In his rituals, he referred to north, as "Where the Great White Giant Lives". That tells me that verbal knowledge of the great glacier over Canada was carried by word of mouth, ritual, for perhaps 12,000 years, since the glacier started to retreat. How about that?!
i just had to laugh at this:
Scientists at the American Museum of Natural History and other institutions around the world continue to study and document the impact of human activities on the environment. It is hoped that the lesson of the Dodo can help prevent similar extinctions, and aid us in preserving the diversity of life on earth.
from the amnh.org
the 'nobel peace prize' should be awarded to the dodo, for their 'peaceful' submission to extinction...........
Cicero: "Freedom is participation in power."

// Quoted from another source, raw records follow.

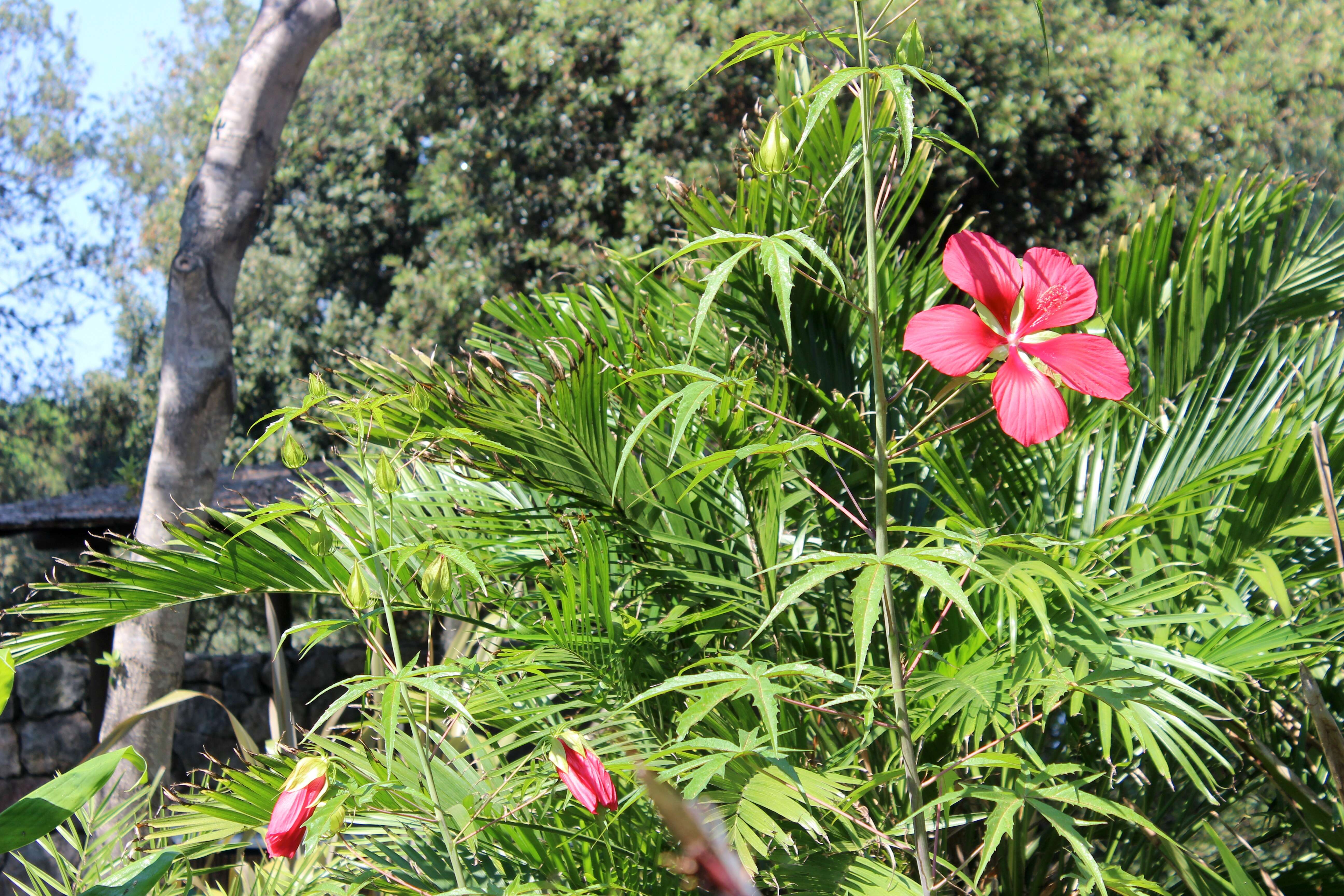 Image of Scarlet Rose-Mallow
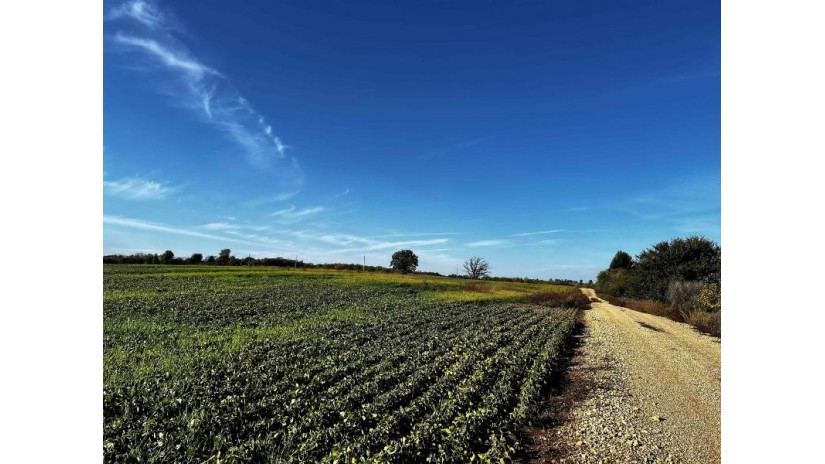 31.5 AC. Highway 39 New Glarus, WI 53574 by First Weber Hedeman Group - Off: 608-325-2000 $599,000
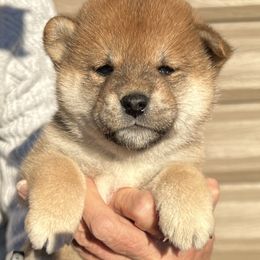 Boy 2 - Red male Shiba Inu puppy in Nampa, Idaho from Hillsdale Shiba Inu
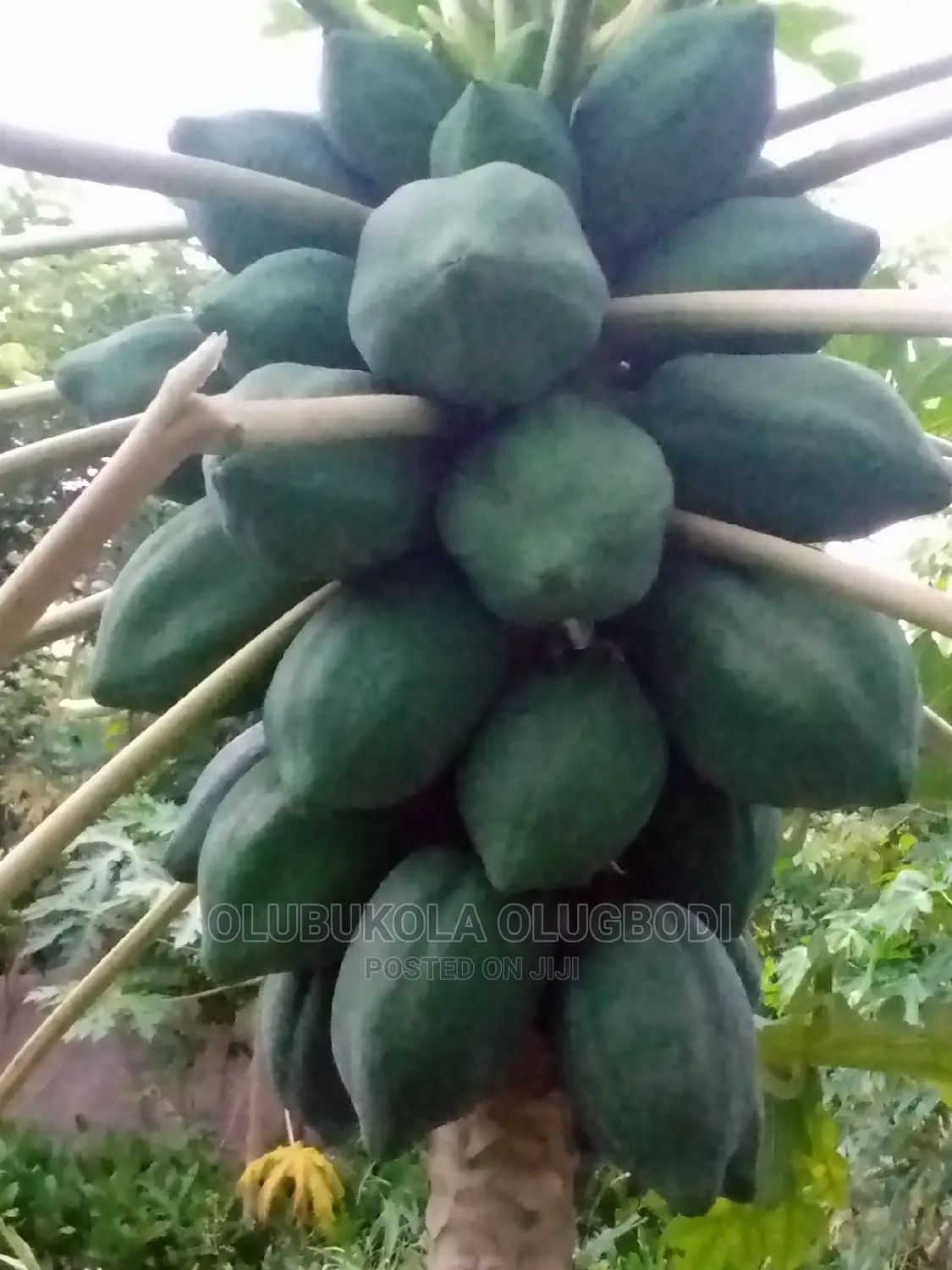 Dwarf Pawpaw Australia Seedlings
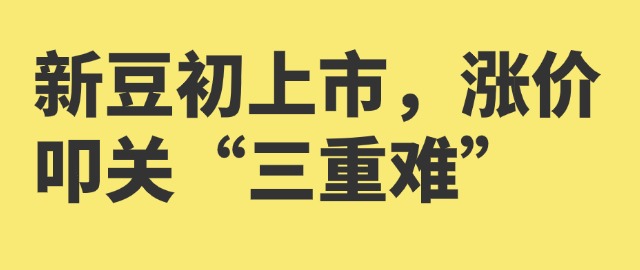 【獨家】新豆初上市，漲價叩關(guān)“三重難”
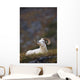 Dall Sheep Ram Bedded Down And Chewing On Grass On Mount Margaret Wall Mural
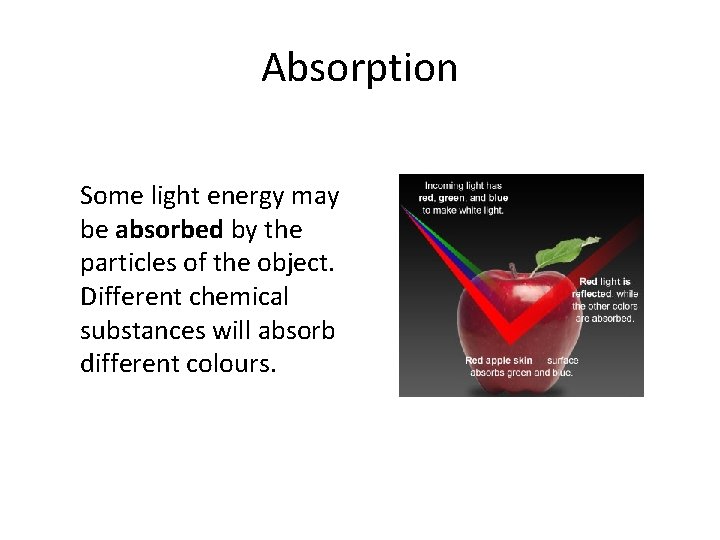 Absorption Some light energy may be absorbed by the particles of the object. Different
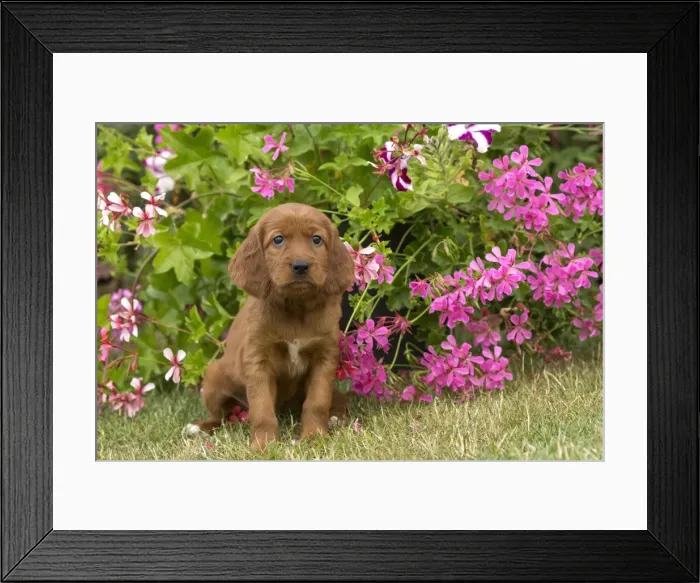 Framed Print : Picture No. 11981684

If there is any forward thinking idea on the global level that will at least slow down the sixth extinction event it won't come from Amurka's corporatist Establishment. The U.S. is only going to sink deeper and more rapidly into a barbaric Dark Age. The rest of the community of nations would be better off leaving the U.S. in history's dust with respect to environmental issues so they can forge their own path. Although it's not all their fault because over two generations have been deliberately dumbed-down, it is hard not to have Gore Vidal's contempt for the stupidity of the vast majority of Amurkans.
The WTO, an association for crony capitalists staffed by corporatist think-tank wonks and former corporate executives currently adjudicated environmental trade decisions with global impacts in secret tribunals whose priorities are greed-based.
The WTO should be replaced with global council of scientists drawn from every nation who make environmental policy (and control trade policy)) based on objective and transparent hard environmental science instead of subjective and generally secretive corporate profit motives that take into account no greater need.
Meanwhile back in everyone's nest, It's a shower every day, clean this, clean that. We've (most of us) gotten way too used to so much that causes the problems. I just hope we won't settle on watching reruns of Animal Planet while it all slips away. And they call it an education? It's just a way of putting the kids in hock (side point).